In December 1982, the fifth session of the 5th National People's Congress adopted the 1982 Constitution, which stipulated that the terms of office of state leaders such as the President, the Vice President, the Premier, the Vice Premier, the Chairman and Vice Chairpersons of the Standing Committee of the National People's Congress, the President of the Supreme People's Court, and the Procurator-General of the Supreme People's Procuratorate are the same as those of the National People's Congress and "no more than two consecutive terms in office", symbolizes the formal abolishment of the lifetime tenure system.

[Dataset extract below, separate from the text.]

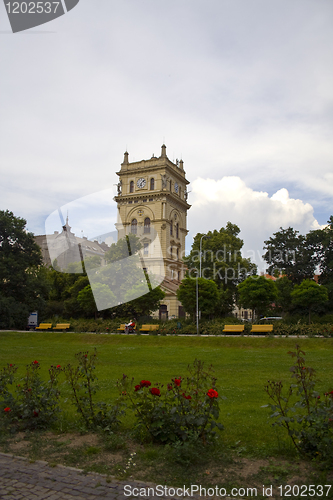 Image of water tower in a city park.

In 1987, before the 13th Party National Congress, Deng Xiaoping, Chen Yun, Li Xiannian and other elders agreed to retire and no longer hold any political positions. In October 1987, after the Party Congress. Deng resigned from the Central Committee and as the Chairman of the Central Advisory Commission and began to make arrangements for his retirement. On 16 June 1989, Deng Xiaoping gave a speech after the Tiananmen Square protests and massacre, mentioning that:

现在看起来，我的分量太重，对国家和党不利，有一天就会很危险。国际上好多国家把对华政策放在我是不是病倒了或者死去了上面。我多年来就意识到这个问题。一个国家的命运建立在一两个人的声望上面，是很不健康的，是很危险的。不出事没问题，一出事就不可收拾。

It now seems that I am too important, which is not good for the country and the party. One day, it will become very dangerous. Many countries in the world base their China policies on whether I fall ill or die. I have been aware of this problem for many years. It is unhealthy and dangerous to base the fate of a country on the reputation of one or two people. It is fine if nothing goes wrong, but once something goes wrong, it will get out of control.
In September of the same year, Deng Xiaoping talked with several top leaders, mainly to discuss his retirement, saying:

我过去多次讲，可能我最后的作用是带头建立退休制度。我已经慢慢练习如何过退休生活，工作了几十年，完全脱离总有个过程。下次党代表大会不搞顾问委员会了，还是搞退休制度。我退休的时间是不是就确定在五中全会……。退的方式，越简单越好。我多次讲，一个国家的命运寄托在一两个人的威望上是很不正常的。而利用退休又来歌功颂德一番，也没有什么好处。退休方式要简化，死后丧事也要简化。

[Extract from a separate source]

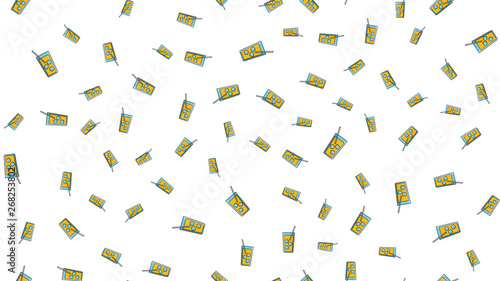Seamless pattern of repeating alcoholic cocktails in a glass with ice and a straw on a white background. Vector illustration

I have said many times in the past that my final role may be to take the lead in establishing a retirement system. I have slowly practiced how to live a retired life. After working for decades, it takes time to completely get out of it. The next Party Congress will not have an advisory committee, but a retirement system. Will the time of my retirement be determined at the Fifth Plenary Session of the Central Committee? The simpler the way of retirement, the better. I have said many times that it is abnormal for the fate of a country to rest on the prestige of one or two people. And there is no benefit in using retirement to sing praises. The way of retirement should be simplified, and the funeral after death should also be simplified.
In November 1989, at the fifth plenary session of the 13th Central Committee, Deng Xiaoping resigned as the Chairman of the CCP Central Military Commission. The following year, he resigned as Chairman of the PRC Central Military Commission and officially retired, abolishing the lifelong tenure of leaders.

=== Seven up, eight down ===

In 2002, outgoing CCP General Secretary Jiang Zemin introduced the "seven up, eight down" rule, referring to the fact that if a Politburo Standing Committee member is 68 or older at the time of a Party Congress, he must retire, but if he is 67 or younger, he may still enter the committee.

=== Xi Jinping ===
In 2018, the Chinese constitution was amended to remove the term limits for the president and the vice president.